Exercise brief: Could you retype the whole listing, word for word?

---*---

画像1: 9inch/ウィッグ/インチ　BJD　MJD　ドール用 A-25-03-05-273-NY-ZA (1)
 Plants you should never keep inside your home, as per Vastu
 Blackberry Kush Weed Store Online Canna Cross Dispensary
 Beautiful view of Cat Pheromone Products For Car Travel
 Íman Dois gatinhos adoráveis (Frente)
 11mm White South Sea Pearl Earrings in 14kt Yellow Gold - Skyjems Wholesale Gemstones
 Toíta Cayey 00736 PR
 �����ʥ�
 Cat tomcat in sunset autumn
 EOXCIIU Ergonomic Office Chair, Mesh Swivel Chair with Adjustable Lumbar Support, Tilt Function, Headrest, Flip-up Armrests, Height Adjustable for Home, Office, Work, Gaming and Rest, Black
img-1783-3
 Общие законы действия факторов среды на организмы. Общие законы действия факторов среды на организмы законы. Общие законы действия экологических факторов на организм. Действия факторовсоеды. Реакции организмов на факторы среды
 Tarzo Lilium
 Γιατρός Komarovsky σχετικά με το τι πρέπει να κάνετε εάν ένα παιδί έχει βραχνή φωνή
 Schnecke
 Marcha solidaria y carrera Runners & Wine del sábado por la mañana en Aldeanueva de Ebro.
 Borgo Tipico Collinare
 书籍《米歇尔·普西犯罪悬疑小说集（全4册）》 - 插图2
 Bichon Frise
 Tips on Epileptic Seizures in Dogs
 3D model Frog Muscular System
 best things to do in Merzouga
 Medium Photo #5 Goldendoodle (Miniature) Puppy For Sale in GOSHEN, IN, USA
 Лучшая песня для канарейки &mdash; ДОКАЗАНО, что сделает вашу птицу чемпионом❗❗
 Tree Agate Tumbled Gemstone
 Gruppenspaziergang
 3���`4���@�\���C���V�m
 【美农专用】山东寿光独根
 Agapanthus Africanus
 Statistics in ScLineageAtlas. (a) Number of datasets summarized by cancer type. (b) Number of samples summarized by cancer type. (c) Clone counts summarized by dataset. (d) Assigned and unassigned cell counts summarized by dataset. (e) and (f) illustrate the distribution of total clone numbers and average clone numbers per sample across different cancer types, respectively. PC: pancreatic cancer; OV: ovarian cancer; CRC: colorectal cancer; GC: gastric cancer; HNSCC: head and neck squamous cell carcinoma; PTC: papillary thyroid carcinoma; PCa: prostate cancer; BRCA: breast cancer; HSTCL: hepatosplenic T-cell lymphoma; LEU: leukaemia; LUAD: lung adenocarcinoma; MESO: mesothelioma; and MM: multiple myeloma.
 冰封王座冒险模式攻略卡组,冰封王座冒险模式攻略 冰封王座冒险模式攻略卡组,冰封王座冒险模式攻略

---*---

Response to the task:
画像1: 9inch/ウィッグ/インチ　BJD　MJD　ドール用 A-25-03-05-273-NY-ZA (1)
 Plants you should never keep inside your home, as per Vastu
 Blackberry Kush Weed Store Online Canna Cross Dispensary
 Beautiful view of Cat Pheromone Products For Car Travel
 Íman Dois gatinhos adoráveis (Frente)
 11mm White South Sea Pearl Earrings in 14kt Yellow Gold - Skyjems Wholesale Gemstones
 Toíta Cayey 00736 PR
 �����ʥ�
 Cat tomcat in sunset autumn
 EOXCIIU Ergonomic Office Chair, Mesh Swivel Chair with Adjustable Lumbar Support, Tilt Function, Headrest, Flip-up Armrests, Height Adjustable for Home, Office, Work, Gaming and Rest, Black
img-1783-3
 Общие законы действия факторов среды на организмы. Общие законы действия факторов среды на организмы законы. Общие законы действия экологических факторов на организм. Действия факторовсоеды. Реакции организмов на факторы среды
 Tarzo Lilium
 Γιατρός Komarovsky σχετικά με το τι πρέπει να κάνετε εάν ένα παιδί έχει βραχνή φωνή
 Schnecke
 Marcha solidaria y carrera Runners & Wine del sábado por la mañana en Aldeanueva de Ebro.
 Borgo Tipico Collinare
 书籍《米歇尔·普西犯罪悬疑小说集（全4册）》 - 插图2
 Bichon Frise
 Tips on Epileptic Seizures in Dogs
 3D model Frog Muscular System
 best things to do in Merzouga
 Medium Photo #5 Goldendoodle (Miniature) Puppy For Sale in GOSHEN, IN, USA
 Лучшая песня для канарейки &mdash; ДОКАЗАНО, что сделает вашу птицу чемпионом❗❗
 Tree Agate Tumbled Gemstone
 Gruppenspaziergang
 3���`4���@�\���C���V�m
 【美农专用】山东寿光独根
 Agapanthus Africanus
 Statistics in ScLineageAtlas. (a) Number of datasets summarized by cancer type. (b) Number of samples summarized by cancer type. (c) Clone counts summarized by dataset. (d) Assigned and unassigned cell counts summarized by dataset. (e) and (f) illustrate the distribution of total clone numbers and average clone numbers per sample across different cancer types, respectively. PC: pancreatic cancer; OV: ovarian cancer; CRC: colorectal cancer; GC: gastric cancer; HNSCC: head and neck squamous cell carcinoma; PTC: papillary thyroid carcinoma; PCa: prostate cancer; BRCA: breast cancer; HSTCL: hepatosplenic T-cell lymphoma; LEU: leukaemia; LUAD: lung adenocarcinoma; MESO: mesothelioma; and MM: multiple myeloma.
 冰封王座冒险模式攻略卡组,冰封王座冒险模式攻略 冰封王座冒险模式攻略卡组,冰封王座冒险模式攻略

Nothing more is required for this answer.